Kelli Saulny, co-founder and managing partner of Corridor Ventures, is guided by two key lessons she’s learned throughout her career: “One,” she says, “is that wealth is just a matter of organized people with organized money. And two, whoever controls the pocketbook controls the power.” Corridor Ventures is what she and her team built to serve as a vehicle for organizing people and their money. “I wanted more power to control who had access to money.” 

Unlocking Innovation in the U.S. Southeast

Corridor Ventures is an industry-agnostic, early-stage VC firm looking to unlock innovation in the U.S. Southeast with a $50M fund. “We’re focused on problem-solver founders pursuing scalable innovation,” says Kwamena Aidoo, who founded the firm with Saulny, Jarrett Cohen, and Adrian Mendez, and also serves as managing partner. “We focus on problems, issues, and opportunities that over-index in the Southeast, where the founders are most proximate to the problems to be solved.” 

They’re investing in areas including future of work, climate innovation, experience tech and innovation, government tech, and improving health outcomes. “If we went through each one, you can see a burning need in the South to solve, address, or improve indicators in these areas,” Aidoo explains.

“Let’s start with the data,” Saulny says when speaking to the reasons Corridor Ventures focuses their work in the Southeast. “The Southeast is outpacing growth of other U.S. regions by 40%,” Saulny adds, “so there’s a real business infrastructure need.” And waiting to address that need is untapped talent across the region. “What we’ve found in our research,” Aidoo says, “is that the profile of the problem-solver founder in the Southeast historically has been not only the most resilient but has also generated outsized returns.” 

He proposes that, when investing in a founder from the Southeast, you’re investing in someone who “doesn’t expect cash to be on their front door,” so they’re better conservators of cash. “And despite not always having the same classical training that your more traditional funds might invest in,” he says, “that need for survival plus the adapt-or-die kind of mentality teaches them how to pivot and be resilient.”

Learning from Those Who Led the Way

Saulny and Aidoo both credit their work in large part to the models of entrepreneurship and resilience they had the opportunity to learn from. 

After graduating from Florida A&M University, Saulny landed her first job with what — at the time — was a little startup company called Carol’s Daughter.
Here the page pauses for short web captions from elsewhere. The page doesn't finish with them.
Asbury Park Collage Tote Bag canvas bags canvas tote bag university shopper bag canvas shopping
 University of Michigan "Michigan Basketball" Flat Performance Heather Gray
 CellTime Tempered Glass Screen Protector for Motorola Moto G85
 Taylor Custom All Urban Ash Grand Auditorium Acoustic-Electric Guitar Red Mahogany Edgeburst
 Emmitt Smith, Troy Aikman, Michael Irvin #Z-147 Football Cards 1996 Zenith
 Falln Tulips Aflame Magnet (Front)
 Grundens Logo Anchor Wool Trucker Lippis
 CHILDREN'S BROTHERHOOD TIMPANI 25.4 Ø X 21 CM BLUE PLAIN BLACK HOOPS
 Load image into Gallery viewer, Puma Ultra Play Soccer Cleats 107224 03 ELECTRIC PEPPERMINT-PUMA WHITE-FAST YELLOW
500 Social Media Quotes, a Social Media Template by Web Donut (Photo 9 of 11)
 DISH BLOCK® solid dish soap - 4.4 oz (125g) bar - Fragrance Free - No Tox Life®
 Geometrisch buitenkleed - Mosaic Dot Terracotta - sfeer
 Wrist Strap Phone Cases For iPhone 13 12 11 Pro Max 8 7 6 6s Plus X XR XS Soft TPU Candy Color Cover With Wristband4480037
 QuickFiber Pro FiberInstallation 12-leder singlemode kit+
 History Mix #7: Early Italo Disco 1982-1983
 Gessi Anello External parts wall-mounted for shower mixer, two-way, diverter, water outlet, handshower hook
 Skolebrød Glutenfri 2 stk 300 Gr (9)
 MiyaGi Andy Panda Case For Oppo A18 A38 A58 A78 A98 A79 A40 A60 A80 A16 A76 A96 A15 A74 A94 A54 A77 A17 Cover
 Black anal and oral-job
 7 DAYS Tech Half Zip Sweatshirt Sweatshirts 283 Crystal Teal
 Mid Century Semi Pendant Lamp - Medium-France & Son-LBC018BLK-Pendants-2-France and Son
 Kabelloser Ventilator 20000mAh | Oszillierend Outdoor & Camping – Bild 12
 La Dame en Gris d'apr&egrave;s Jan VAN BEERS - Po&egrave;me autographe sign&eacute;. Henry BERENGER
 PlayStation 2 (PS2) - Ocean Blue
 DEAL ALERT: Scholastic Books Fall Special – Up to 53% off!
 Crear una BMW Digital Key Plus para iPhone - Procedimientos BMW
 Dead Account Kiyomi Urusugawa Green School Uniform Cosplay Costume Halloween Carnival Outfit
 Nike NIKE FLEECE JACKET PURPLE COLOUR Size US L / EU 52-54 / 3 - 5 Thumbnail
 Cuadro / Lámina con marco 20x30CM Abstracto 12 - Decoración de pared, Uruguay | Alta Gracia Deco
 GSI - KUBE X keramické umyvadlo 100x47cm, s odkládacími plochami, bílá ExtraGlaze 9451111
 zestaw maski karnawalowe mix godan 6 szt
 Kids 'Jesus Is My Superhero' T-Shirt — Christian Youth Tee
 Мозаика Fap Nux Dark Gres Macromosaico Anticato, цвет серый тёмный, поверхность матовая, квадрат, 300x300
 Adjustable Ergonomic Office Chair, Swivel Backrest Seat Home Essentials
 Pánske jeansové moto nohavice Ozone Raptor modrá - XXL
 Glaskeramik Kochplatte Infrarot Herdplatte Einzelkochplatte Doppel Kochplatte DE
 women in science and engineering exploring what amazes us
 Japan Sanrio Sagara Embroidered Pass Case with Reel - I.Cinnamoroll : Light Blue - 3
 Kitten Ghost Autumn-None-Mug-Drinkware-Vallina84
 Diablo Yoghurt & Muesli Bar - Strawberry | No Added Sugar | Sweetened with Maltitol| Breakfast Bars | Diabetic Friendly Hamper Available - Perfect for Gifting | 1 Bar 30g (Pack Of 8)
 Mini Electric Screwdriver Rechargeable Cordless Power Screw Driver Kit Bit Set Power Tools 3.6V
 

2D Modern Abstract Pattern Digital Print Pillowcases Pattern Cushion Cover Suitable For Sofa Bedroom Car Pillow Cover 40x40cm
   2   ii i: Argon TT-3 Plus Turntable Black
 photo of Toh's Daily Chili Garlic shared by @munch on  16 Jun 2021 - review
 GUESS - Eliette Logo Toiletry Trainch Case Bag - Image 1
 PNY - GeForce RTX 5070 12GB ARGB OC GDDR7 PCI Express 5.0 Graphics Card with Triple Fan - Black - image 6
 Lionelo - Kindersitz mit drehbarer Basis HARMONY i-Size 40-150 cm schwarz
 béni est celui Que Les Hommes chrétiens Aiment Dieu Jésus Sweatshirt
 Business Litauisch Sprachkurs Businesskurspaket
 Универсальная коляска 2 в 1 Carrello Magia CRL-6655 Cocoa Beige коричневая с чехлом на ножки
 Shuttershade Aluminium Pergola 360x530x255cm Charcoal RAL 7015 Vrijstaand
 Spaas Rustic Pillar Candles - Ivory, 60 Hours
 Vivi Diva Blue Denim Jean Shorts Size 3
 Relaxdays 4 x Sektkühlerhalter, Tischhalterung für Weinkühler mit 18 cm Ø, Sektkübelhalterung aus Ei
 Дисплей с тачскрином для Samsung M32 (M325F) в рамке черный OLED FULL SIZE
As part of the legacy team that grew the company from $3M to ultimately selling to L’oreal for over $100M, Saulny credits this experience as playing a key role in her trajectory.

“It’s never lost on me that my first job out of college was with a Black female founder who had an exit,” she says, referring to Carol’s actual daughter, founder Lisa Price. “I guess you could say I got the bug from there. Any glass ceiling I could’ve possibly had, subconsciously or not, was shattered because of that experience. Leaving Carol’s Daughter, my mission was to create more Carol’s Daughters.” 

Aidoo attributes his own entrepreneurial path to his immediate family’s legacy. His maternal grandfather got himself a boat to take part in the main trade in his village in Ghana: fishing. “He flipped that boat and those fish,” Aidoo shares, “until he built a company that became the distributor for one of the largest fishing companies in the world.”

In the late 1990s, Aidoo watched his father try to build a B2C e-commerce platform — ahead of the curve in a time when Amazon was still just a bookseller. He rolled up his sleeves and did all the work. He taught himself to code and managed to get a meeting with a major retailer as well as a meeting with a relatively known fashion clothing brand. But all this work didn’t translate into access to the capital needed to build a business. “He was a single-income earner with four kids,” Aidoo says. “At some point, he had to get back to work.”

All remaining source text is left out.